Snow and ice warnings are in place today across the north.
Winds will touch gale force today in some coastal areas and rain will persist as heavy showers or in more prolonged periods.
Yellow warnings are in place for Dalganachan, Halkirk, Ullapool, Dingwall, Cassley, Scardroy and Glen Affric Youth Hostel.
Ferry misery continues with operator CalMac today catching up on yesterday’s disruptions.
All of its 28 routes bar six suffered alerts and disruptions.
Sailings to South Uist and the Small Isles were cancelled yesterday as were Mallaig-Armadale and Berneray – Leverburgh.
Extra sailings are planned for some routes today with CalMac advice to check before travelling.
Caution was advised on the Skye, Kessock and Dornoch bridges yesterday where high wind warnings were in place.
Yesterday’s wet and blustery conditions combined with high tides caused localised flooding in the Highlands yesterday morning.
In Dornie, residents were surprised to see the waters of Loch Long lapping across the road almost to the houses along the shore.
Due to the particularly high tide, the water overran the retaining wall.
The flood caused disruptions to the school run, operated by Kyle company Skyeways.
Mhairi MacRae from Skyeways said the flooding was due to the exceptionally high tide.
She said: “Thankfully that was the only route that we came across flooding.”
Relentless rain in the Outer Hebrides saw water flooding some causeways, including that of Baleshare in North Uist, making it impassable for several hours.
No other causeways were closed across the islands.
Flood alerts remained in force on the islands, while flood warnings were in force across Orkney.
They are currently in force in Moray, for Spey Viaduct to Spey Bay, due to the high spring tides and storm surges.
Low lying properties and roads in Kingston and Garmouth are at risk, including the B9015 Kingston Road according to Sepa flood maps, which predict coastal flooding around the times of the high tides over the next few days.
This afternoon Thursday will see the highest of the high tides this week.
The environment agency says flows in the River Spey are not too high at the moment, so the risk from the sea within the estuary could be more limited than previous events, when high tides have combined with high river flows.
The good news
The wild weather is not bad news for everyone – with snow sports enthusiasts and attractions expected to be counting their blessings.
Good recent snowfall has benefited Cairngorm Mountain and despite high winds yesterday – gusting to 105mph at height and 50mph at base level – eight runs and three lifts were in operation.

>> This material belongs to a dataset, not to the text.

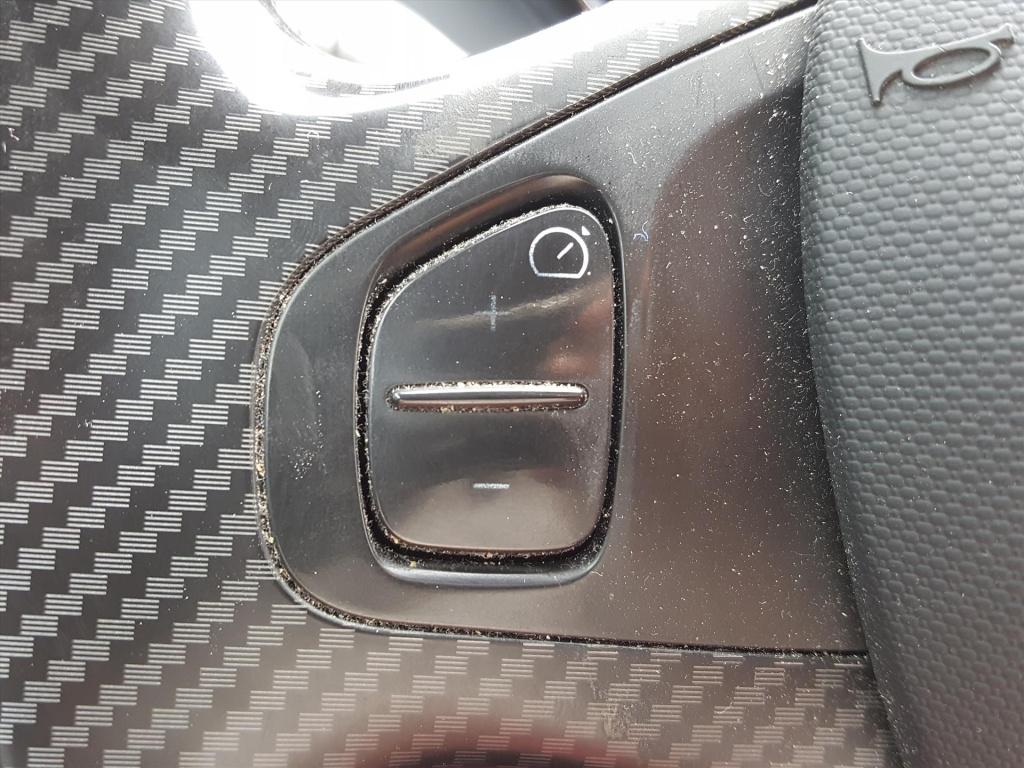 Renault Captur tce 120pk edc helly hansen | navigatie | trekhaak | bluetoot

Cairngorm Mountain Scotland reported: “Forecasts are looking very promising for snowfall to continue at all levels during the week.”
High winds did close Glencoe Mountain yesterday, but but operators are expecting further heavy snowfall today and overnight and plenty of opportunities to take to the slopes.
Nevis Mountain Range had to remove its gondola from service yesterday due to the strong winds but also expects better conditions in the days to come.
Respite from the high winds is forecast for Friday, with the Met Office saying it will be mainly dry with plenty of sunshine.
Unsettled conditions will return at the weekend before things turn generally calmer midweek.